For a model predicting equal social comparison, a MLP model was also calculated as the most powerful. The network was formed as an MLP 5-100-2, with a Broyden-Fletcher-Goldfarb-Shanno (BFGS) 8 learning algorithm. It means that this algorithm was used to optimize the weights of the network and that the learning process required 8 epochs (learning cycles). BFGS is of the most recommended techniques used by STATISTICA for training neural networks. It performs significantly better than the more traditional algorithms such as Gradient Descent but it is more memory intensive and computationally demanding. Nonetheless, BFGS may require a smaller number of iterations to train a neural network given their fast convergence rate and more intelligent search criterion. This model used logistic activation function in the hidden layer and Tanh in the output layer. Sum-of-squares was selected as the error function during network training process. Still, the second model for the equal type of social comparison, with only slightly worse quality of testing (80.14 compared to 80.82 for MLP), was the aforementioned RBF network.
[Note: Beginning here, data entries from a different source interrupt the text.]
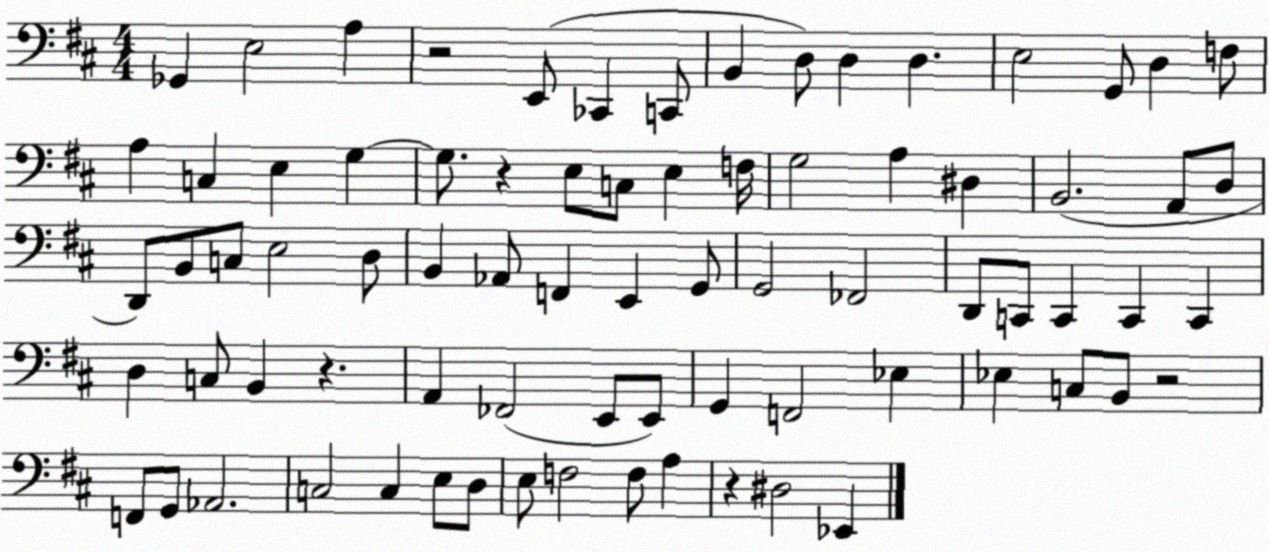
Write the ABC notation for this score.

X:1
T:Untitled
M:4/4
L:1/4
K:D
_G,, E,2 A, z2 E,,/2 _C,, C,,/2 B,, D,/2 D, D, E,2 G,,/2 D, F,/2 A, C, E, G, G,/2 z E,/2 C,/2 E, F,/4 G,2 A, ^D, B,,2 A,,/2 D,/2 D,,/2 B,,/2 C,/2 E,2 D,/2 B,, _A,,/2 F,, E,, G,,/2 G,,2 _F,,2 D,,/2 C,,/2 C,, C,, C,, D, C,/2 B,, z A,, _F,,2 E,,/2 E,,/2 G,, F,,2 _E, _E, C,/2 B,,/2 z2 F,,/2 G,,/2 _A,,2 C,2 C, E,/2 D,/2 E,/2 F,2 F,/2 A, z ^D,2 _E,, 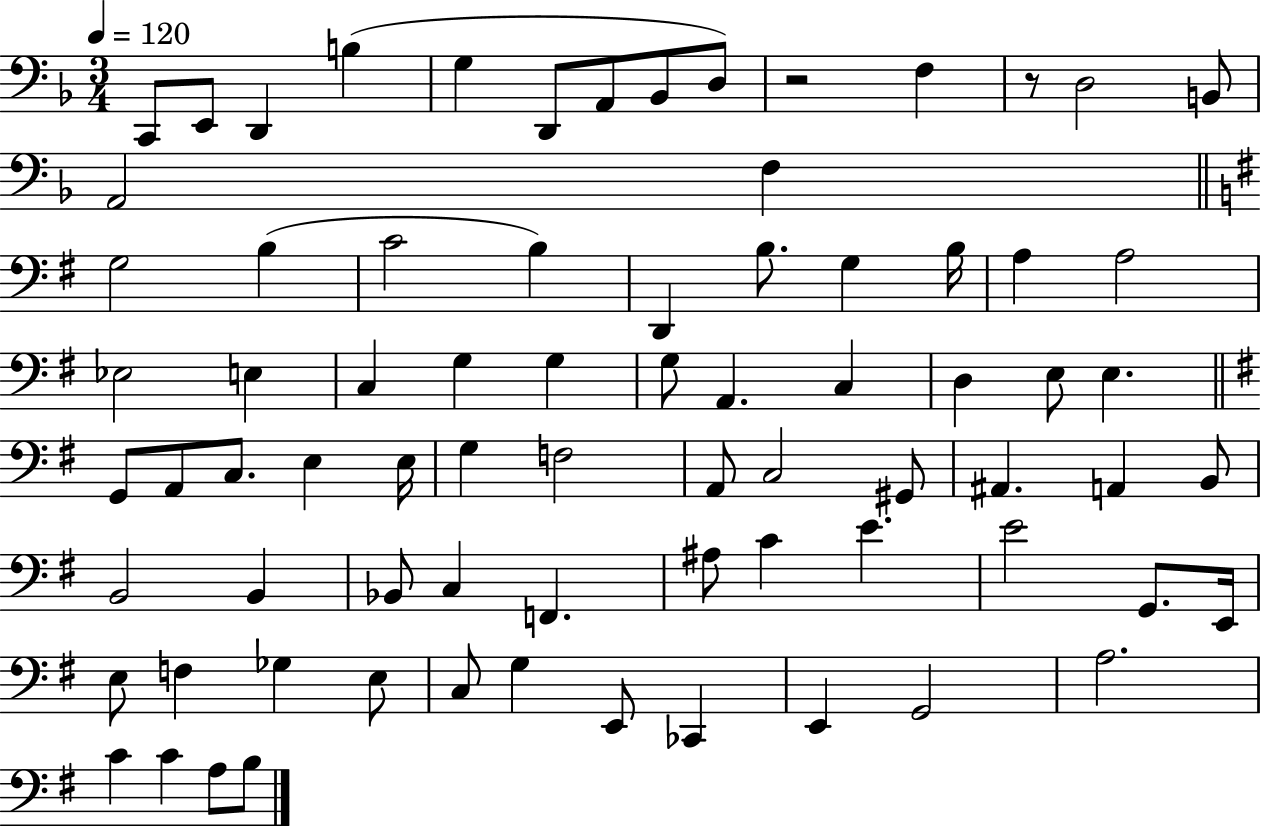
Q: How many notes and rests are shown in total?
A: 76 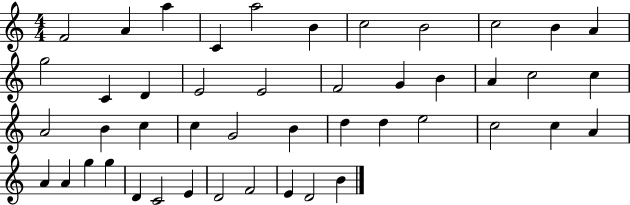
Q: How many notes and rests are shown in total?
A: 46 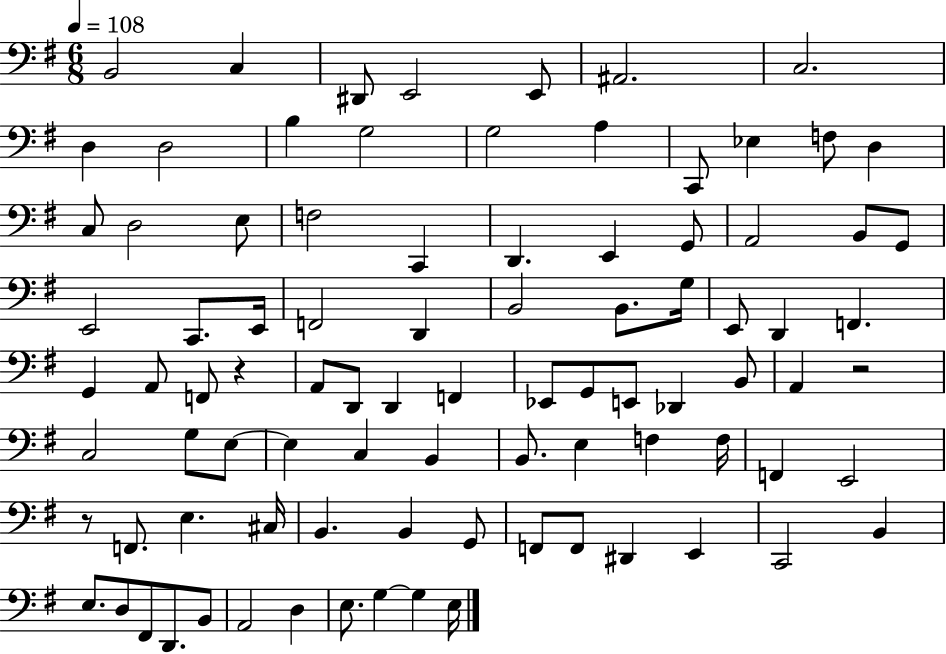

To summarize this part on ANNs performance, let’s start with the fact that MLP and RBF belong to a general class of neural networks called feed-forward, where the information processing follows one direction from the input to output neurons. Despite their similarities in structure, the are several vast differences. RBFs with a single hidden layer (the structure used by Statistica) are usually simpler and easier to train than MLPs due to their three-layer structure. In MLPs outputs are decided by all the neurons. Since RBF networks use only fixed basis functions, their representation power could be largely restricted. When multilayer RBF networks are used more efficient local approximation is possible and other advantages in generalization and training, unfortunately this option isn’t offered by Statistica so far [76]. Both MLP and RBF possess also different classification techniques, which are hyper surfaces and hyper spheres accordingly [70,77]. RBFs are widely used in various fields such as function approximation and pattern classification (the latter one is important for our ANNs design). Among the most important advantages of RBF following should be mentioned: easy design, very strong tolerance to input noise, fast and comprehensive training, responding well to new patterns absent in learning [7781]. Though, RBFs are usually slower and larger than MLPs, and they often have weaker performance. RBFs also have lower performance than MLPs, especially with a large number of input variables (they are more sensitive to switching on unnecessary inputs). In our study, RBF networks operated better in most cases, the only one where MLP scored better was a network with equal comparison output. As RBF perform well in classification tasks, such results seem to be reasonable (Table 7).

Discussion

Social media may cause negative effects on women’s mood and body image, raising concerns about appearance and lowering self-esteem, well-being, as well as life satisfaction [82]. This paper was aiming at studying whether psychological characteristics, including self-esteem, life satisfaction, depression, anxiety, and intensity of Instagram use could be related to social comparisons made by young women on Instagram. The one-way ANOVA on ranks results showed that there is a significant difference between the studied groups (positive, negative, and equal social comparison types). However, it does not provide any information about which groups are different. To find more about the possible directions of associations between the social comparison types and the analyzed psychological traits, an affinity analysis was performed. Among the links with the highest confidence level, the following can be mentioned. The occurrence of high self-esteem and life satisfaction, as well as low levels of anxiety and depression, all resulted in there not being a negative social comparison. The equal type of social comparison was described by dissociation rules concerning high anxiety and depression, and low self-esteem and life satisfaction; that means that these traits also did not produce this comparison type. The positive comparison type was associated with high Instagram intensity usage, low depression, and high life satisfaction and self-esteem. Concerning the direction of association between the psychological traits and social comparison types, these results suggest that having different levels of these psychological traits may cause different social comparison types rather than vice versa.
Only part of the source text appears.